- _WHAT IS BEING ASKED_
Restate word for word the lines in the listing below, starting at the line containing "Motivo a vetrata" and ending at the line containing "Rifle Gun Foregrip", both included; leave out the rest.

- _ENTRIES PROVIDED_
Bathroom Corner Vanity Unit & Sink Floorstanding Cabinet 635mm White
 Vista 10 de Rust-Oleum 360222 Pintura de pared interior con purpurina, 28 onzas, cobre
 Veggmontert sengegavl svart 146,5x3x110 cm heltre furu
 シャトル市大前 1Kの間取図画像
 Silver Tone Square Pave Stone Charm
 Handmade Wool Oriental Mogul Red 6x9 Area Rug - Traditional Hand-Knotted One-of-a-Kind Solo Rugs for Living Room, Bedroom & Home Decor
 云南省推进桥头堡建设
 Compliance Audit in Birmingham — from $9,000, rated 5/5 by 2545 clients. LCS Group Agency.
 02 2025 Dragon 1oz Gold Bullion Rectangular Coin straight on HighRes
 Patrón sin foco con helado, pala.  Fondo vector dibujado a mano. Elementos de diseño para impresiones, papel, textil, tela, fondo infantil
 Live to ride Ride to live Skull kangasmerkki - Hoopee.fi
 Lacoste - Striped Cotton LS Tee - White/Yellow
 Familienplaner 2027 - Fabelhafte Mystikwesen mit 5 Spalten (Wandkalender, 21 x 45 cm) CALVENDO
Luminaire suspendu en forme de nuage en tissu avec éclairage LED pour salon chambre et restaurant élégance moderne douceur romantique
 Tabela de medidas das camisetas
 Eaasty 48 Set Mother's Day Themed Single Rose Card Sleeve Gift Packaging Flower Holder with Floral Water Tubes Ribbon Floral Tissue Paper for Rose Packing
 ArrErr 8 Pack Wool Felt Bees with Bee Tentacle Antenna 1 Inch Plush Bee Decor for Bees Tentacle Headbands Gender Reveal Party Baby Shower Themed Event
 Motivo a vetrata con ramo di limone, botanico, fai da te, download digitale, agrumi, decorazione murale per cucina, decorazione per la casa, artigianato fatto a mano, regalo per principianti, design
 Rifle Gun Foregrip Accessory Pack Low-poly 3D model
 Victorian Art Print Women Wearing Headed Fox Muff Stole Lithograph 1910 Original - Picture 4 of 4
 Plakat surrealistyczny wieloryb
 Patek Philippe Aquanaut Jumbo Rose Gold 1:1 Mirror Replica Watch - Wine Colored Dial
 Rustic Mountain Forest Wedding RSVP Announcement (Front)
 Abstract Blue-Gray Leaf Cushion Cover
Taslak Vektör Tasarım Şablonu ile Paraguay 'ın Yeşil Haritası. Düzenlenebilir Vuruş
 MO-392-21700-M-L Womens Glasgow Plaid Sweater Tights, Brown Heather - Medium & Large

- _ANSWER_
 Motivo a vetrata con ramo di limone, botanico, fai da te, download digitale, agrumi, decorazione murale per cucina, decorazione per la casa, artigianato fatto a mano, regalo per principianti, design
 Rifle Gun Foregrip Accessory Pack Low-poly 3D model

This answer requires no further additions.